Такие произведения занимали главным образом первую часть жизни Байрона. К ним надо отнести и его поэму «Чайльд Гарольд». Это — вещь, которая имела большое и, можно даже сказать, определяющее значение на протяжении тридцати лет для европейской литературы.
В сущности говоря, «Чайльд Гарольд» не поэма, там нет последовательно развертываемой темы. В произведении этом изображается, как такой же барин, как и сам Байрон, в живописном плаще, имея немало денег в кармане, проклинает свою родину, коварную Англию, и уезжает странствовать по свету. В дивных стихах, лучезарными образами описываются разные местности, которые Чайльд Гарольд посещал. Среди удивительных по силе пейзажей и картин нравов он беспрестанно обращается к своей тоске, к своей обреченности, к тому, что его никто не понимает, разражается диатрибами, полными гнева против человеческого рода, которому приписывается ненавистная мораль и быт английского общества. И все это говорится с огромным красноречием, сверху вниз, в величавой позе. Здесь «высший человек» величаво громит несчастное «человеческое стадо».

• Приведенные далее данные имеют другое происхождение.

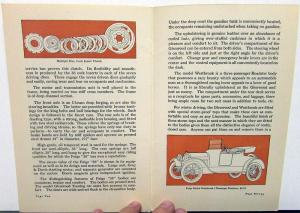 1915 Paige 36 & 46 Roadster Touring Coupe Car Sales Brochure Features Specs Orig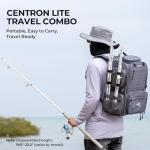 KastKing Centron Lite Travel Spinning Fishing Rod and Reel 6'6" ML 2000 Reel Spinning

Это произвело неотразимое впечатление. Почему? Дело в том, что всякий романтизм представлял собою продукт самоощущения тогдашних лучших людей, лучшей части тогдашней интеллигенции, — самоощущения их прежде всего как лишних людей. Некуда деться, некуда пристроиться, все пути заказаны! И они уходят в философские, религиозные и поэтические мечты или пытаются изо всех сил — во Франции это было возможно — трясти решетку той клетки, в которую они попали. В произведениях Байрона этот самый лишний человек оплакивал себя, страдал, но в то же время заявлял, что эти-де мои слезы, эти мои страдания — единственно ценное в мире. Я плачу и страдаю от того, что я гигант, а вы, карлики, хотите посадить меня в ваш мир. Я не могу его разрушить, он железный, у меня не хватает сил, чтобы его разбить, но все же я — гигант, головой касаюсь звезд, а вы остаетесь ничтожными паразитами. Я не признаю человека, я вышел из всяких орбит вашего человеческого общества, из всяких норм вашего существования. Мы — разные породы. И чем больше я скорблю, и чем больше я бесплоден, тем это большее доказательство того, насколько я перерос землю и земные условия. Великим людям не жить с остальным человечеством, великим людям нельзя уместиться на земле, и единственное, что отвечает хотя бы сколько-нибудь моим страстям, — это природа или, может быть, моя страсть к женщине. Но и женщина обыкновенно не может быть на такой же высоте, и поэтому вскоре следует разочарование. Лучшая женщина — это та, которая ближе к природе, какая-нибудь цыганка, какая-нибудь дикарка, не претендующая на высшую культурность, а просто красивая, как красив лес и ландыш, — ее можно любить, как часть природы.